Naturally occurring compounds known as "antitumor antibiotics" are known to impede cancer cell growth and multiplication, and some are already in use as chemotherapy agents. Recently, scientists from Scripps Florida, led by Ben Shen, vice chair of TSRI's Department of Chemistry, found that one antitumor antibiotic, called leinamycin (LNM) E1, can be activated by one of the body's natural responses to cellular stress. Once activated, the agent can kill prostate cancer cells.
Ben Shen is a professor at the Florida campus of The Scripps Research Institute.
"There is no proven drug right now with these activities," said Dr. Shen, senior author of the new study, "so this points the way toward a new therapeutic opportunity."
The study highlights the potential of LNM E1 for development as a "prodrug," a medication converted into an active therapy through a metabolic process in the body.
Dr. Shen's research has focused on developing natural products into potential therapies. As part of this effort, he heads the Natural Products Initiative at TSRI, a library that contains 500 pure natural products, 2,000 fractions, and 7,500 crude extracts prepared from 4,000 Actinomycetals.
Among these are "antitumor antibiotics" including LNM, which are produced by species of the soil dwelling bacterium Streptomyces and are known to impede cancer cell growth and multiplication.
In the new study, the Scripps Florida team collaborated with scientists at the University of Wisconsin-Madison to examine whether LNM E1 can be activated by reactive oxygen species, which are naturally occurring molecules containing oxygen that play essential roles in cell signaling. During times of stress, levels of reactive oxygen species can rise significantly and may trigger apoptosis or programmed cell death. It is now widely accepted that many cancer cells are, by their very nature, under high oxidative stress.
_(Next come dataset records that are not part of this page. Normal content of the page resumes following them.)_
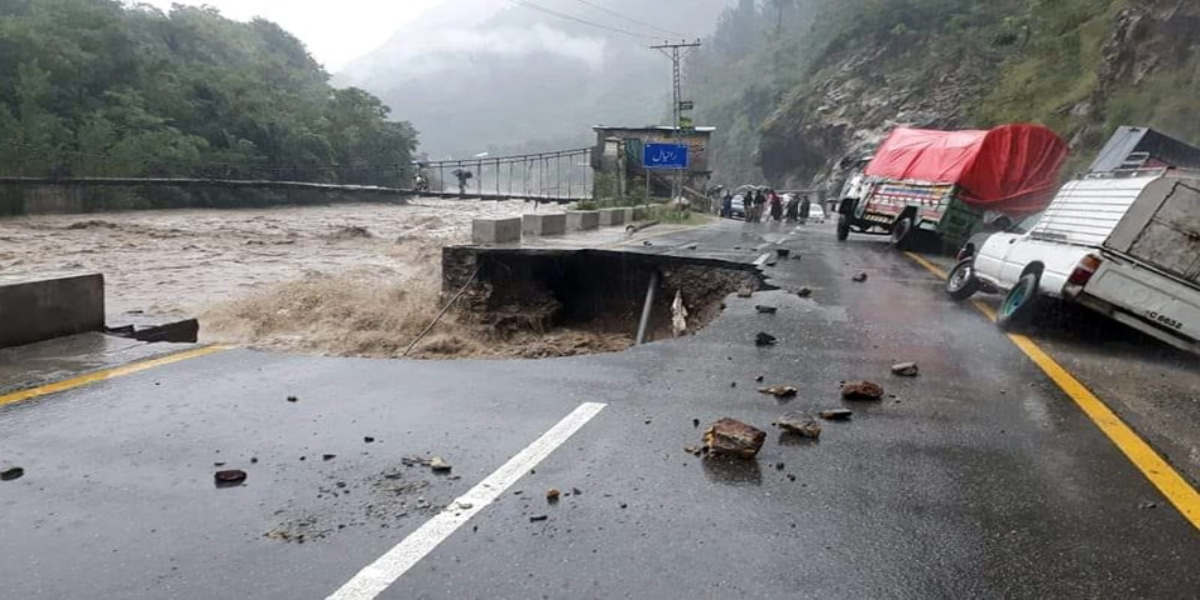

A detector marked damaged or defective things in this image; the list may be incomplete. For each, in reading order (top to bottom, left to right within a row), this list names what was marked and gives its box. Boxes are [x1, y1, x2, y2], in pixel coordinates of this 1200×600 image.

broken concrete chunk [840, 381, 888, 400]
rusty metal debris [840, 381, 888, 400]
damaged asphalt road [0, 220, 1195, 600]
broken concrete chunk [700, 417, 768, 458]
rusty metal debris [700, 417, 768, 458]
rusty metal debris [777, 410, 825, 439]
broken concrete chunk [777, 412, 825, 441]
broken concrete chunk [214, 468, 247, 487]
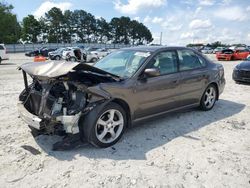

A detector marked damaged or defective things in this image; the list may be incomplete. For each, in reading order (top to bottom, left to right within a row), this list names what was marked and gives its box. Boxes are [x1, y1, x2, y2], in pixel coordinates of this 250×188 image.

crumpled hood [20, 61, 79, 78]
damaged front end [18, 61, 115, 135]
crumpled hood [19, 60, 121, 79]
crashed car [17, 46, 225, 148]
The results were promising. "Our study shows unambiguously that when LNM E1 is activated by cellular reactive oxygen species, it causes DNA damage and cell death in cancer cells," said Ming Ma, co-first author of the study with Sheng-Xiong Huang.
The team further demonstrated the therapeutic potential of LNM E1 by showing it to be effective against two prostate cancer cell lines, which are known to exist under high oxidative stress and with increased levels of reactive oxygen species.
The study also reveals critical new insights into LNM biosynthesis, setting the stage to tailor intermediate steps in the creation of new LNM analogues.